Wednesday 22 April 2026 11:09
CBRE Q1 2026 Report: UAE Real Estate Defies Regional Tensions with Strong Occupancy and Rent Hikes

According to the latest CBRE Middle East market review, the UAE real estate sector demonstrated remarkable resilience during the first quarter of 2026, maintaining stability despite a downgraded GDP growth forecast of 0.3%. The report attributes this performance to robust liquidity and effective policy interventions that have shielded the economy from the brunt of regional geopolitical volatility. While logistics and non-oil sectors faced headwinds, the financial foundations remained unshaken, supported by the Central Bank's AED 1 trillion asset base and its "Five-Pillar Resilience Package."

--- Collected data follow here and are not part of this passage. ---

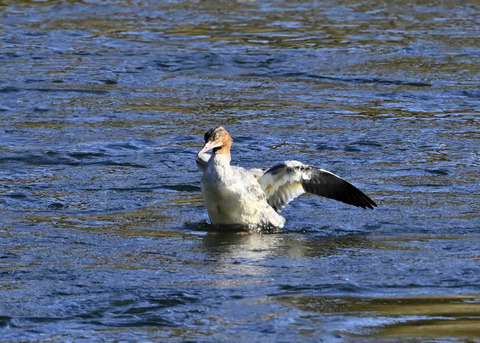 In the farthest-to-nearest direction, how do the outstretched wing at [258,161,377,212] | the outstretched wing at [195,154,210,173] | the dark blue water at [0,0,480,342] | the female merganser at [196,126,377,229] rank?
the outstretched wing at [195,154,210,173] < the outstretched wing at [258,161,377,212] < the female merganser at [196,126,377,229] < the dark blue water at [0,0,480,342]

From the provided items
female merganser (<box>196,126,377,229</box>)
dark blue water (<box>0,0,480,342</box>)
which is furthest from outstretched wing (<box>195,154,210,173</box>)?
dark blue water (<box>0,0,480,342</box>)

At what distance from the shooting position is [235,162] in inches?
471

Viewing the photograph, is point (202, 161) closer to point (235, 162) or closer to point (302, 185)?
point (302, 185)

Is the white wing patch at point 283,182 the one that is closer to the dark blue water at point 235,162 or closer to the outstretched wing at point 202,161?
the dark blue water at point 235,162

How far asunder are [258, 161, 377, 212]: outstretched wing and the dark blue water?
0.20 metres

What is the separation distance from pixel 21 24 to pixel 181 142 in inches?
311

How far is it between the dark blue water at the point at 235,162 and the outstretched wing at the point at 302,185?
0.20 m

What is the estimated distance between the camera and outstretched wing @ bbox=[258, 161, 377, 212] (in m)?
9.82

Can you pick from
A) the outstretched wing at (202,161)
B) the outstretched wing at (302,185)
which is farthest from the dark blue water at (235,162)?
the outstretched wing at (202,161)

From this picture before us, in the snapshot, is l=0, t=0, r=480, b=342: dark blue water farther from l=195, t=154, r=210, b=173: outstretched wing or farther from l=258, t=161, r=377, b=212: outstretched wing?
l=195, t=154, r=210, b=173: outstretched wing

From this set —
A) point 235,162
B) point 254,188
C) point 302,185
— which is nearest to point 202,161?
point 254,188

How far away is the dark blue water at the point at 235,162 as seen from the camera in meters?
6.89

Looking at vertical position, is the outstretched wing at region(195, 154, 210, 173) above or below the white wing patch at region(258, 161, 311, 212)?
above

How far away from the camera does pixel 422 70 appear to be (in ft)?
53.8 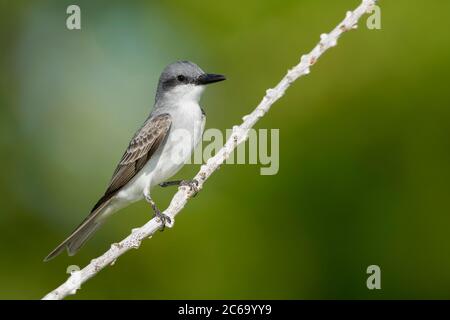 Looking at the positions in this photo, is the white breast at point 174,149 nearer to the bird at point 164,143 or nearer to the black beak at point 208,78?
the bird at point 164,143

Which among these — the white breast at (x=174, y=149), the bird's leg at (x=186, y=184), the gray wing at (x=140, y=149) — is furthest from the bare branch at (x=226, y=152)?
the gray wing at (x=140, y=149)

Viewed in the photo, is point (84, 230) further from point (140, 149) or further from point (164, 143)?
point (164, 143)

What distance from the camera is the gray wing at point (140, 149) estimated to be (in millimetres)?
5782

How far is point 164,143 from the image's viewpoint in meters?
5.91

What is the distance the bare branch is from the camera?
340 centimetres

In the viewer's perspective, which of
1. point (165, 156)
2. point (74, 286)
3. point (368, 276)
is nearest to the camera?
point (74, 286)

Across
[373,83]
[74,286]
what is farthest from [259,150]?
[74,286]

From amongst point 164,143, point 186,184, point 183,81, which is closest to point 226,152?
point 186,184

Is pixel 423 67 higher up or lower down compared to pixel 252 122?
higher up

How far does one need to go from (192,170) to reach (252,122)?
215 centimetres

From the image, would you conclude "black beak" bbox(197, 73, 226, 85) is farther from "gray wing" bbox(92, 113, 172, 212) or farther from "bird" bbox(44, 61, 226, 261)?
"gray wing" bbox(92, 113, 172, 212)

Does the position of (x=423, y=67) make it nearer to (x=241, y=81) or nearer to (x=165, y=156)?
(x=241, y=81)

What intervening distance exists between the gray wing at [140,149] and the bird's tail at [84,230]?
0.28 meters

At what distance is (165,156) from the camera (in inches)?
228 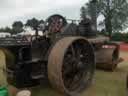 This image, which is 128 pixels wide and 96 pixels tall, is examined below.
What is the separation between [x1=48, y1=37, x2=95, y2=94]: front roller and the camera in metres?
4.12

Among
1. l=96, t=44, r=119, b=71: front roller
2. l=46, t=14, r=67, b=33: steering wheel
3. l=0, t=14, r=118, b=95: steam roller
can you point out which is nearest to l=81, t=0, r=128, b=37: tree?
l=96, t=44, r=119, b=71: front roller

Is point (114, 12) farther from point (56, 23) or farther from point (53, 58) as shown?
point (53, 58)

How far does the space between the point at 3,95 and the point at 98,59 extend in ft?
12.1

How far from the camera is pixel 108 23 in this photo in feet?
107

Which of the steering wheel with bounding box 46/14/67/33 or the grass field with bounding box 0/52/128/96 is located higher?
the steering wheel with bounding box 46/14/67/33

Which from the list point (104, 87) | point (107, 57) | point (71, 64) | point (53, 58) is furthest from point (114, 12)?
A: point (53, 58)

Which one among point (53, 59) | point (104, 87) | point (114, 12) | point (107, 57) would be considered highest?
point (114, 12)

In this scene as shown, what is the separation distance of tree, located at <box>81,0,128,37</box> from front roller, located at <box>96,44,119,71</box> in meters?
26.2

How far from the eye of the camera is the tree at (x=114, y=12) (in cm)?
3386

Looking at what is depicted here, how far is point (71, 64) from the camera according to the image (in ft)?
15.4

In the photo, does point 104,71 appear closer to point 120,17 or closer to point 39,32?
point 39,32

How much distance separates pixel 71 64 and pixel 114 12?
106 feet

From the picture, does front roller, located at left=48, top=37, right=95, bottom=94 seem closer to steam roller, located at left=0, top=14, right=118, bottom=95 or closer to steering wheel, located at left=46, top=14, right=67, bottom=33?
steam roller, located at left=0, top=14, right=118, bottom=95

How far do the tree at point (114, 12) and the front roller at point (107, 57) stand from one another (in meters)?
26.2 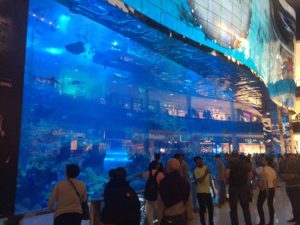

The office market in Dubai and Abu Dhabi emerged as a standout performer, driven by a persistent supply shortage. In Dubai, average office rents surged by 14% year-on-year, while prime assets saw a 16% increase, with occupancy rates hovering near 95%. CBRE notes that despite temporary shifts toward remote work by some multinationals, the demand for Grade A office space in central business districts remains significantly higher than available supply, keeping the market firmly in favor of landlords. S&P Global Ratings further bolstered market confidence by reaffirming the UAE’s AA/A-1+ stable rating, citing the nation’s strategic fiscal buffers.